Hotels were among the first real estate categories to recover following the recession that ended in 2009, aided by a rebound in business travel and tourism. Lending to U.S. lodging properties increased fivefold in the third quarter from a year earlier, the biggest gain of any real estate asset class, the Mortgage Bankers Association reported Nov. 3.
High-end hotels in such major U.S. cities as New York, Boston and San Francisco have fared best during the recovery. The occupancy rate was 71 percent for the highest-priced segment of the lodging market this year through October, compared with 62 percent for all U.S. hotels, according to Smith Travel Research Inc. of Hendersonville, Tennessee.
Wall Street banks have arranged $27.2 billion in bonds linked to skyscraper, shopping mall, hotel and other commercial property loans this year, compared with $11.5 billion in 2010, according to data compiled by Bloomberg. Sales plummeted from a record $232 billion in 2007. Lenders pulled back from making new loans to package into securities in July as European debt woes roiled credit markets, making it harder for borrowers with debt coming due to refinance.
Hotel foreclosures may accelerate amid a sluggish economic recovery. In the last two months of this year, $5.52 billion in loans backed by hotels are maturing, followed by $9.11 billion next year and $2.9 billion in 2013, according to New York-based data provider Trepp LLC.
Federal Reserve policy makers are forecasting “moderate” growth for the U.S. economy that won’t push unemployment below 8 percent until 2013 at the earliest.
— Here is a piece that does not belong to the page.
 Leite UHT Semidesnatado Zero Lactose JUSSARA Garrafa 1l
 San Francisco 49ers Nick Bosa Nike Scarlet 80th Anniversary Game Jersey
The jobless rate was 8.6 percent in November and had been at least 9 percent in all but two months since May 2009.
The surge of commercial mortgage-backed securities needing replacement debt “is going to be a close to catastrophic problem,” Robert Sonnenblick, chairman of hotel developer Sonnenblick Development LLC, said at the Bloomberg Commercial Real Estate Summit in New York on Nov. 9. “The end result of all of this is you’re going to see a huge increase of hotel foreclosures.”
Not all hotel owners with debt problems have received forbearance. Innkeepers USA Trust, which owns hotels in 20 U.S. states and the District of Columbia, including Residence Inns by Marriott and Hampton Inns, was acquired in October by Cerberus Capital Management LP and Chatham Lodging Trust after filing for bankruptcy protection in July 2010.
Foreclosures are most likely outside of major metropolitan areas, where smaller loans often are backed by family-owned hotels.
“In secondary and tertiary markets, the owners themselves don’t have any real equity left at all,” said Kirkbride of Paul Hastings. “There, it’s much more likely that they’ll have to let these assets go.”
In larger cities, few foreclosures and more loan workouts mean a dearth of buying opportunities. Ian Schrager, the pioneer of the boutique hotel concept, this year agreed to buy two development sites in New York City because he doesn’t expect existing properties to come up for sale at reasonable prices in the near future.
“Having gone through three or four bad cycles, other than in the early ’90s I haven’t seen an avalanche of foreclosures then, and I don’t expect to this time,” Schrager said in an interview. “Hotels are operating businesses and the only reason a bank will take on such an asset is if they’re dealing with someone less than forthright. So in isolated areas we may see foreclosures, but not on a whole.”
Kirkbride said he expects few hotel foreclosures in the coming year.
“It would be better for the economy, and for the hotel sector specifically, if more hotels would wash their way through the system and be sold at the true, current, fair-market value,” he said. “But I don’t see that happening.”